How to Have a Low Key Mardi Gras from a North Louisiana Girl

Blame it on the fact that I’m not Cajun, but Mardi Gras doesn’t excite me like it does the locals. 

You see, where I grew up it simply meant King Cake from Wal-Mart and one single solitary parade. 

So all this nonsense makes zero sense to me. In fact, our first year living in the Cajun South, we were actually in Thibodaux. Low and behold, we had to reschedule church one Sunday during the season. I was in shock! What do you mean floats have the ability to reschedule church? 

Granted our church was on the main street in town and therefore meant lots of floats would be passing by. 

Next in line for my Mardi Shock was the fact that Porta-Johns lined the median through town for the entire Mardi Gras season. I lived in a state of “what on earth” and was a walking hands up in confusion emoji. 

I’ve since learned how to have the most low key of Mardi Gras’s one can get by with. 

Step 1: You don’t have to buy a King Cake. 

In fact, other people purchase them so frequently that you can have your cake and not have to buy one. People here take this cake so seriously that at work one year, the teacher’s lounge actually had a new cake in it every single day. Every. Single. Day. It was like that job I had with donuts on pay day but on crack. We won’t talk about my weight gain from that year. It’s no one’s business. 

Step 2: Don’t join a krewe.

It’ll cost you. There’s the dress. Hair and makeup for the ball. Did you purchase a table or just a seat for you and your spouse? The beads. Then the outfit for riding the float. Then there’s riding the float in this randomly frigid winter we’re having. Not to mention the other expenses that likely happen that this North Louisiana girl is unfamiliar with. It just seems costly and cold to me.

Now the next step is the most important step of all. 

Step 3: Stand next to someone at a parade who is catching beads for a float rider. 

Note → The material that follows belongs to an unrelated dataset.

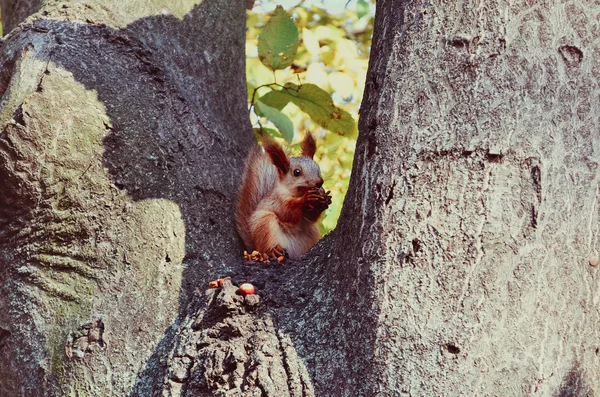 Małe słodkie wiewiórka jedzenie orzechów na drzewie — Zdjęcie stockowe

In the past, we’ve come home with bags of beads. What does one do with bags of beads? Around South Louisiana you’ll see incentives to donate them to a krewe, so there’s that option. But my newly discovered solution meant that we only left the New Iberia parade with a glow stick, a glow ring, and 3 banana flavored Moon Pies. It was a parenting success. How’d I managed this bead free magic? We went to the parade with our neighbor who’s husband rides a float. She was gathering beads so he could throw them at the next parade without having to buy more. We caught. The toddler caught. We had a blast. And in the end, the beads all went home with someone else. It was magical. 

Step 4: Take advantage of the time off work.

The schools down here shut down for a week during the Ash Wednesday events. Take full advantage of this, other people in this state don’t get out of school for such an event. Find some fun family activity to do; last year we went camping and loved it. Many locals I know tend to use this time to go skiing or visit Disney. Whatever you do, other people in the country likely don’t have off and it therefore makes for a great time to go on a trip. 

That about sums up how low key we are about this holiday. Growing up elsewhere means I just take advantage of the Mardi-Highlights and leave the Mardi-Chaos behind. It makes for a fun Mardi Gras at our house. 

How do you celebrate? Do you go all out or down play the parade season?